Once Brown returns nightly to his wife and baby daughter, the grimness dissolves. In the domestic sphere, he is a doting father and loving husband. The bond he shares with wife Daisy (better than wonderful Christina Jackson) is the rock-hard earth that allows him to soar. “Play nice,” his wife tells him.

The rest of the cast includes a nifty but small part for Joe Jonas, showing lots of charismatic promise, and Thomas Sadoski as the aviator’s commanding officer. He plays it like a cool assistant professor at night school who is likely to turn his seat backward during a lecture to “rap with the kids.”
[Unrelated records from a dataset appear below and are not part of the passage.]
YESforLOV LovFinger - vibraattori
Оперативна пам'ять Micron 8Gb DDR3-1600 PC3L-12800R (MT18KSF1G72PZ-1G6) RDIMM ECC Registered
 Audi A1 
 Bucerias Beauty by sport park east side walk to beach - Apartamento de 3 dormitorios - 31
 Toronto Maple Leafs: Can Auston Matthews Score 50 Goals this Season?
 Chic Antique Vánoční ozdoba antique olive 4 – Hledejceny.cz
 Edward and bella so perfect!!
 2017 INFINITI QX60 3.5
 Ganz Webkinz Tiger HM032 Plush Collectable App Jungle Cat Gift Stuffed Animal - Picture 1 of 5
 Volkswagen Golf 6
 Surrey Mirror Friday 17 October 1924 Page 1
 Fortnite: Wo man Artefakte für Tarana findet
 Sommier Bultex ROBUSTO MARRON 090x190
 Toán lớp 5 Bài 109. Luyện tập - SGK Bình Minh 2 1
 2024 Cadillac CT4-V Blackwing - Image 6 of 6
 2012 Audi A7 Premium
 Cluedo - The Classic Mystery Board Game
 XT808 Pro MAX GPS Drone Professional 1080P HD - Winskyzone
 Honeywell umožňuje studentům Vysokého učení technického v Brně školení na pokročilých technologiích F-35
A tentative friendship blooms between Brown and Hudner, who sees in the Black airman a striving pilot and an admirable man. Both long for combat, having learned to fly in the years after World War II just as the Korean conflict is heating up. They both learn to wrestle with the Vought F4U-4 Corsair, a temperamental fighter aircraft.

Hudner’s fondness for Brown has a condescending flavor, though he wouldn’t admit it. The white pilot is always ready to jump to his Black friend’s defense, be it a stare-down with intolerant U.S. soldiers or fussy French waiters. He’s the first to throw a punch, even when Brown wasn’t looking for violence. “I can fight my own fights. Been doing it for a long time,” Brown tells his wingman.

And that’s when the film gets interesting (although things get a little surreal when their carrier docks in Cannes and the aviators somehow meet up with Elizabeth Taylor). This lesson of how to be an ally for diversity comes into sharper focus as the film progresses. It is Hudner who needs to evolve his thinking. It is why Hudner is so prominent in a film about a Black pioneer.

When a group of Black sailors — who have come out on deck to cheer Brown landing his plane on the carrier — approach him with a Rolex gift to say how proud he makes them, one says: “We see you.” But Hudner also needs to see him. Not through white savior lenses but as a man. “It was never your job to save Jesse,” Brown’s wife tells him.

Ultimately, this is a weird way to honor a man who would posthumously receive the Distinguished Flying Cross, the Air Medal and the Purple Heart. In many ways, framing his heroics beside a white wingman undermines the singularity of Brown. Even the film’s poster — with both actors’ pictures equally large — gives a false equivalency. This hero didn’t need any help.